====== Material shown ======
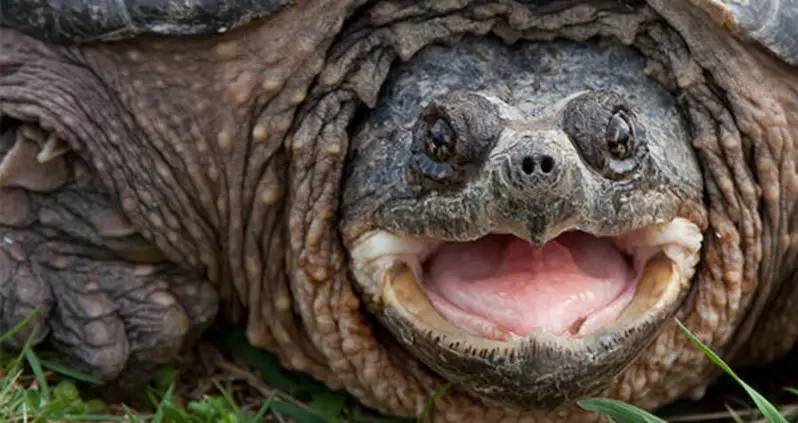 Teacher Who Fed Puppy To Snapping Turtle In Classroom Charged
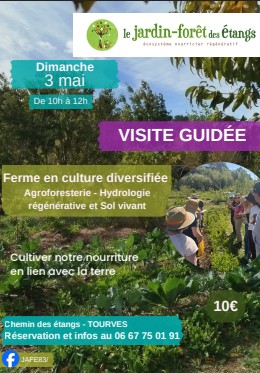 Visite guid�e : Le jardin-for�t des �tangs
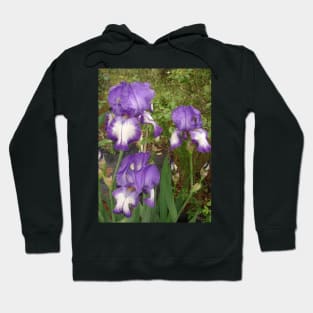 Iris Flower Purple and White Hoodie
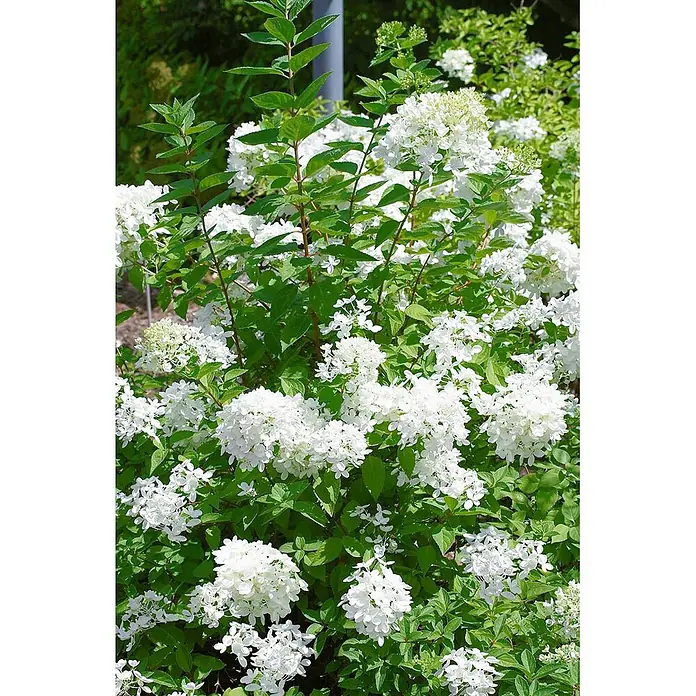 Pflanzen für dich Rispen-Hortensie 40-60 cm - Hydrangea paniculata 'Polar Bear', Weiß - Weiß blühender Hortensienstrauch mit grünen Blättern, üppig blühend.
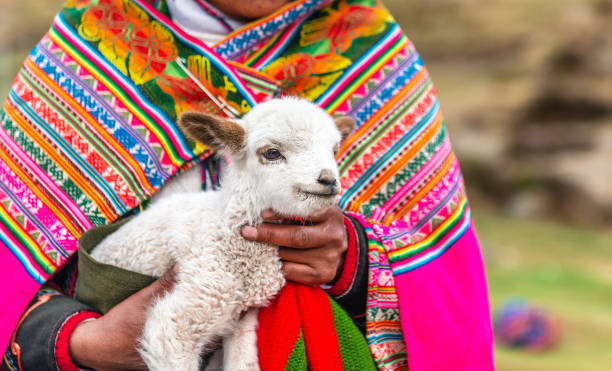 istock Peruvian women with little alpaca lamb 1402829973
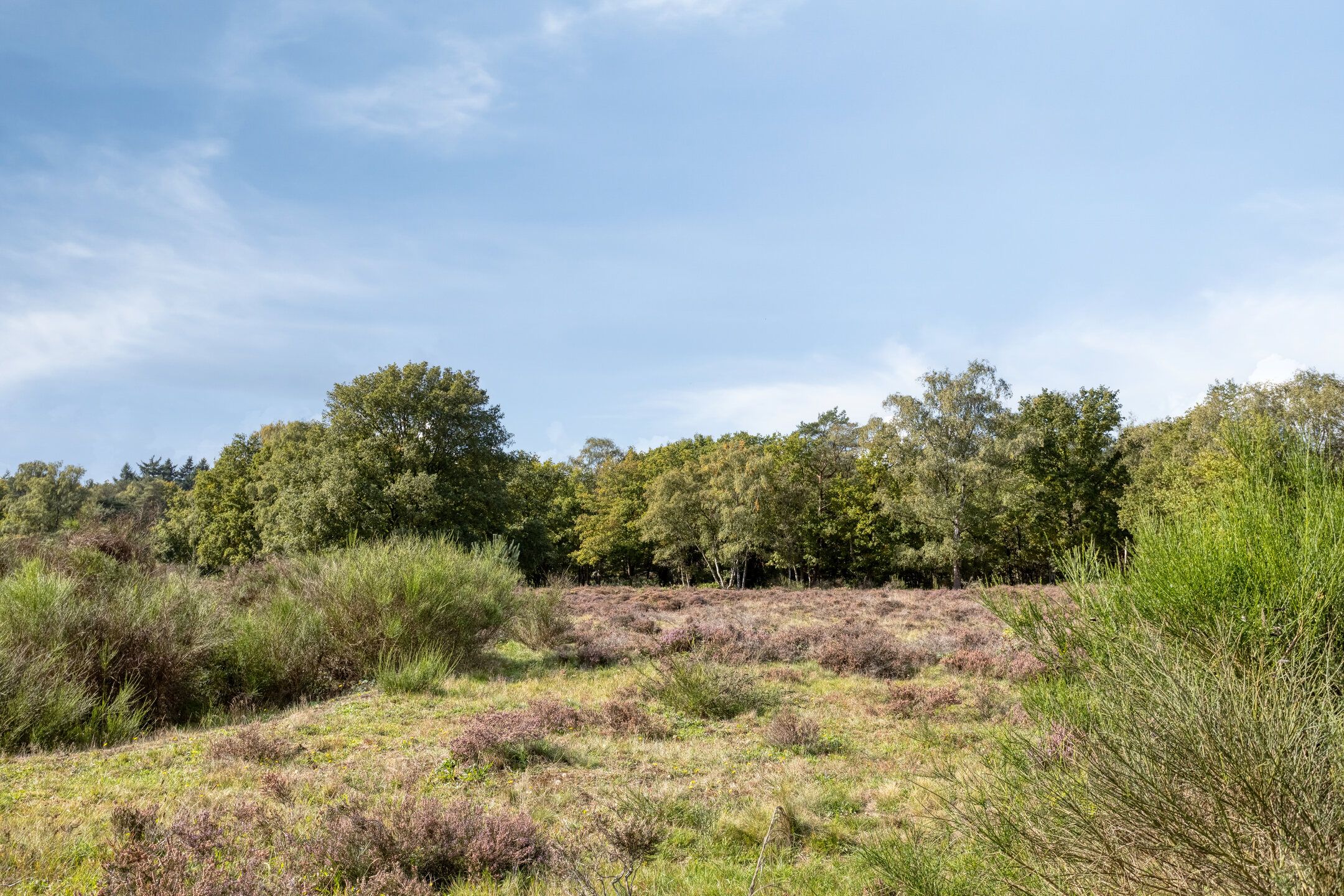 Foto 39 van Bosdrift 225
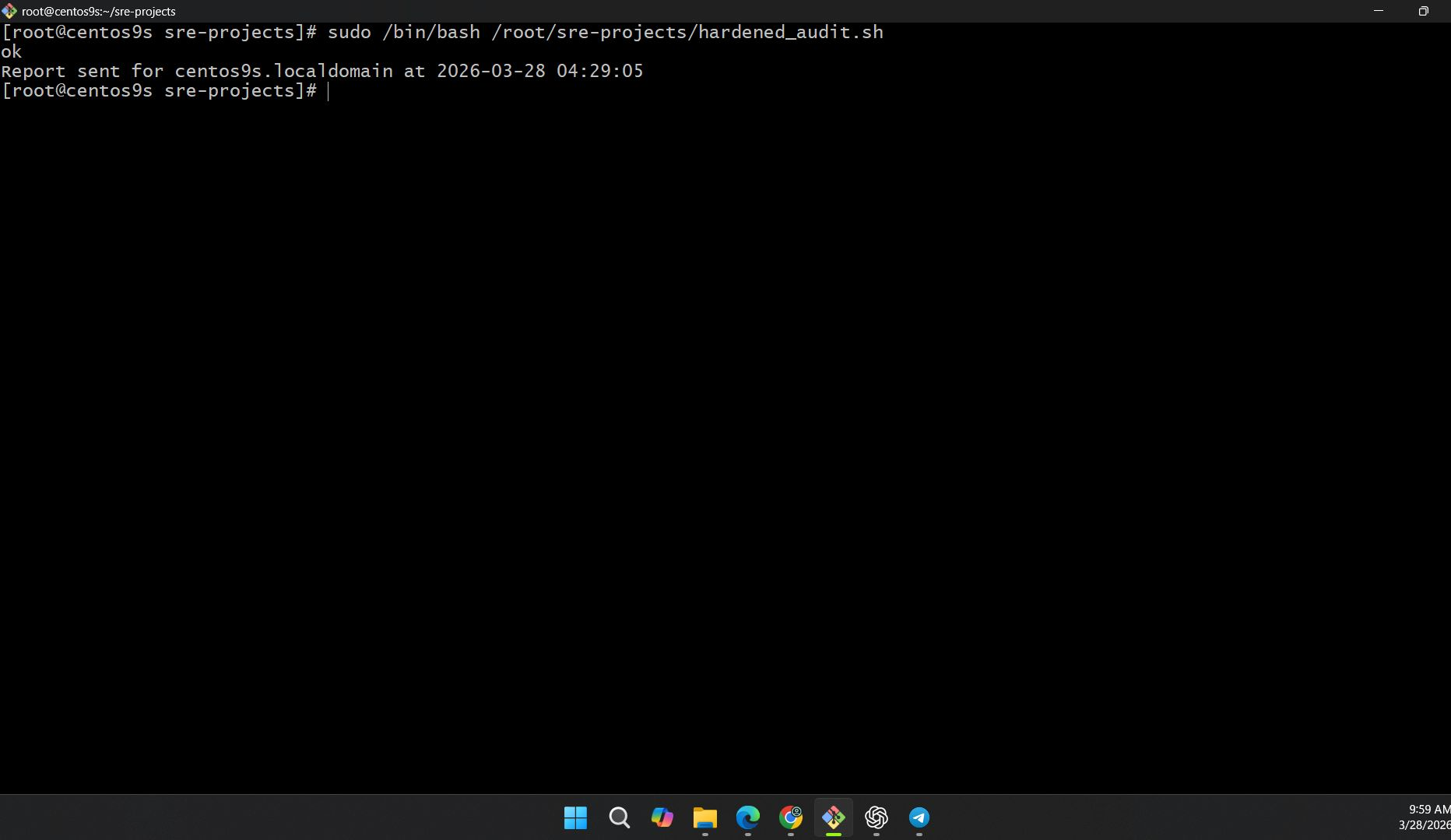 System Audit Execution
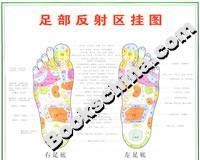 足部反射区挂图
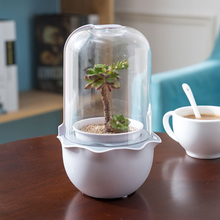 Load image into Gallery viewer, Cute Desktop Simple Creative Smart Plant Flower Pot
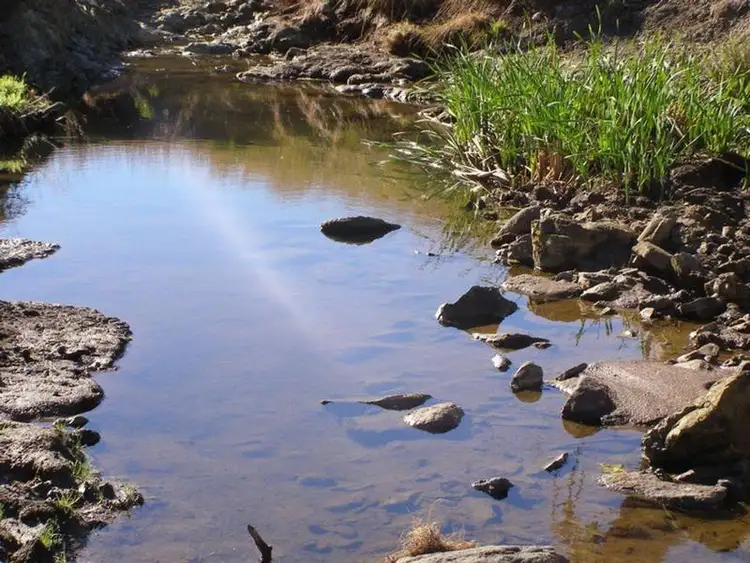 Seventh view of Homely rural property listing, 1655 Glenesk Road, Inverell NSW 2360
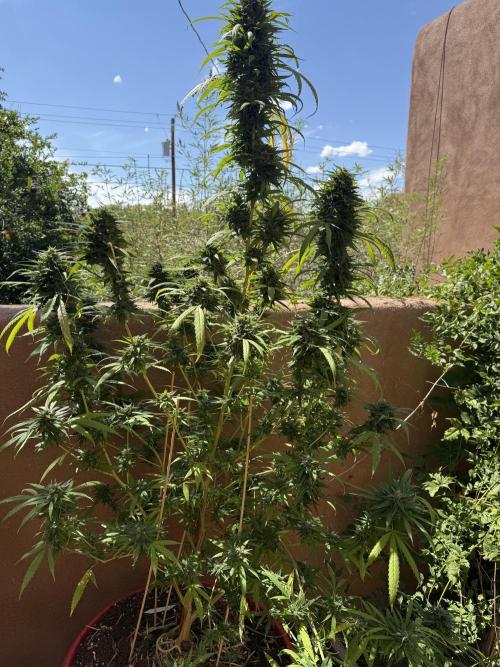 Outdoor 2025. Week 13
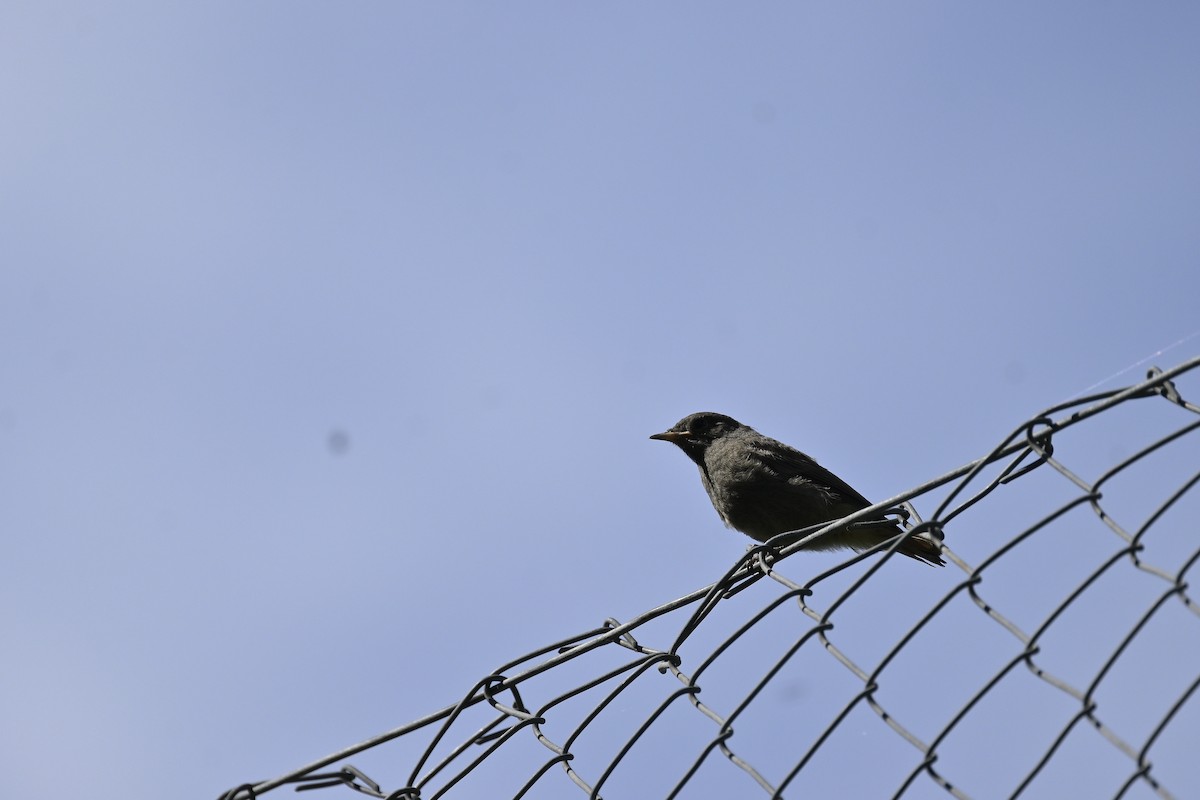 Black Redstart - ML620637534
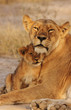 Lion Cub with mom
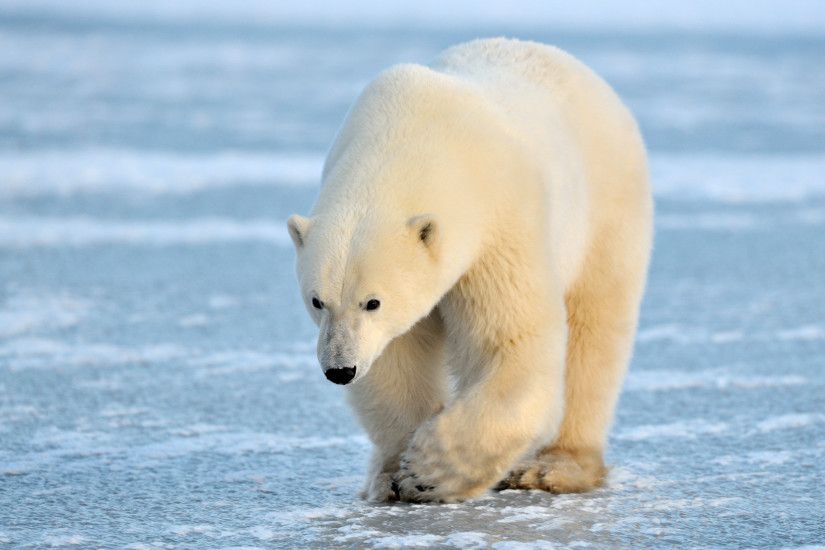 pin Cub clipart polar habitat #13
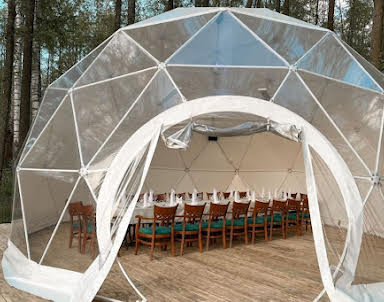 Новый год в Гуси-Лебеди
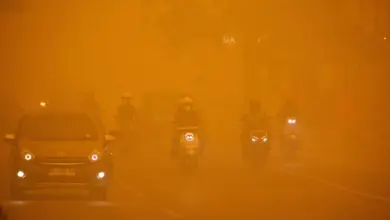 First Resources attributes Kalimantan fire hotspots to external blazes and El Nino drought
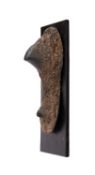 A REPLICA SUMATRAN RHINOCEROS HORN CAST FROM THE TRING MUSEUM COLLECTION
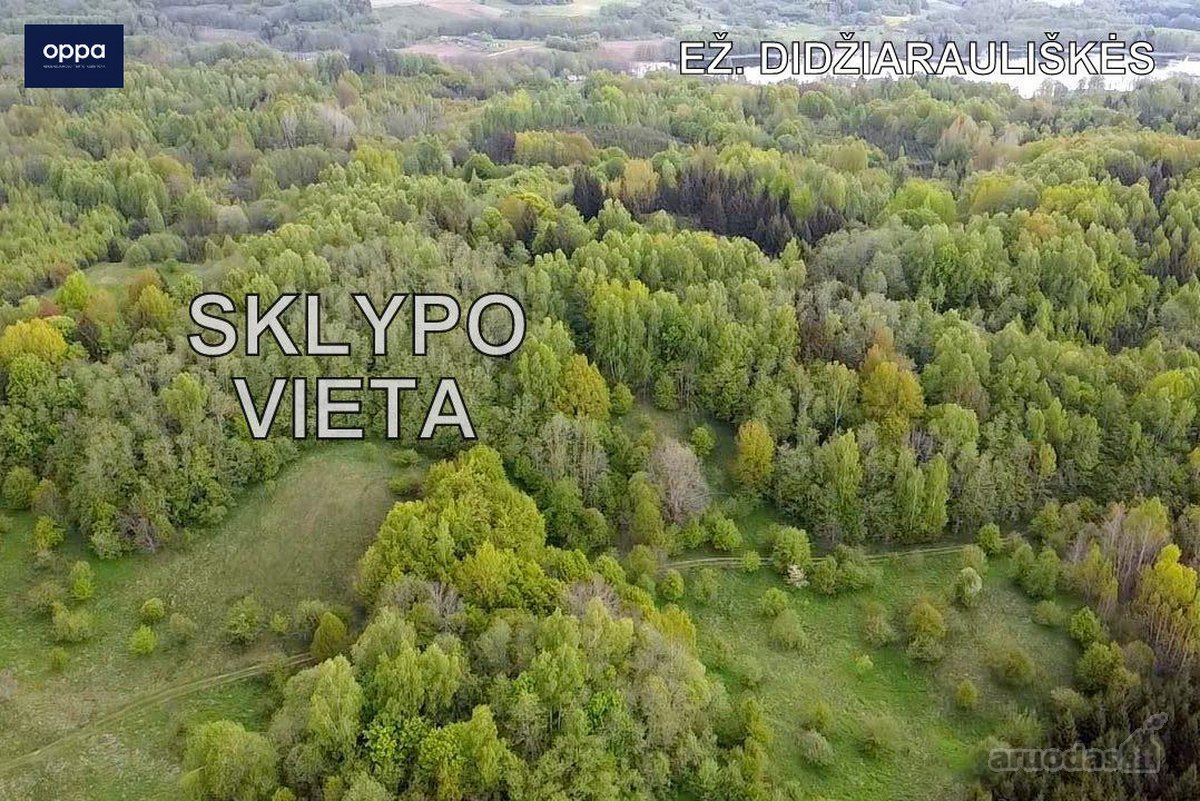Parduodamas 9,86 ha sklypas prie Velnio - nuotraukos Nr. 2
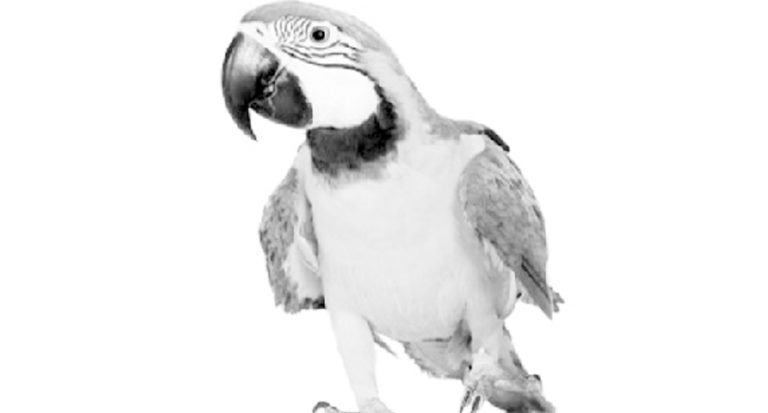 Bird Sit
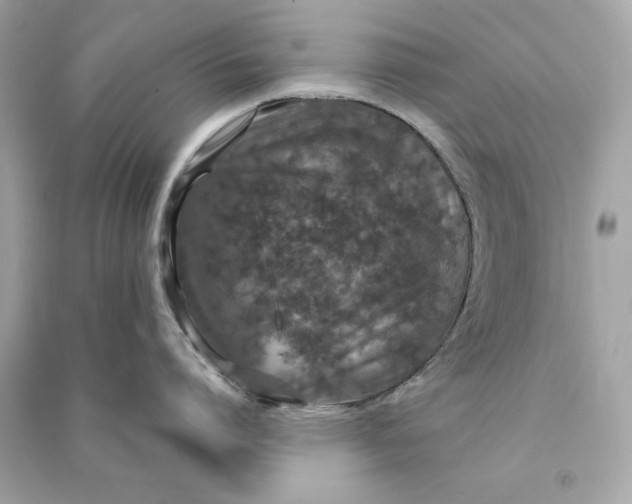 X0000090770864200708101808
======
_Task item_:
Among the records above, locate the line containing "Visite guid�e : Le jardin-for�t des �tangs" and the line containing "Pflanzen für dich", then transcribe exactly the lines starting at the first and ending at the second, with no pictures.

_Response_:
 Visite guid�e : Le jardin-for�t des �tangs
 Iris Flower Purple and White Hoodie
 Pflanzen für dich Rispen-Hortensie 40-60 cm - Hydrangea paniculata 'Polar Bear', Weiß - Weiß blühender Hortensienstrauch mit grünen Blättern, üppig blühend.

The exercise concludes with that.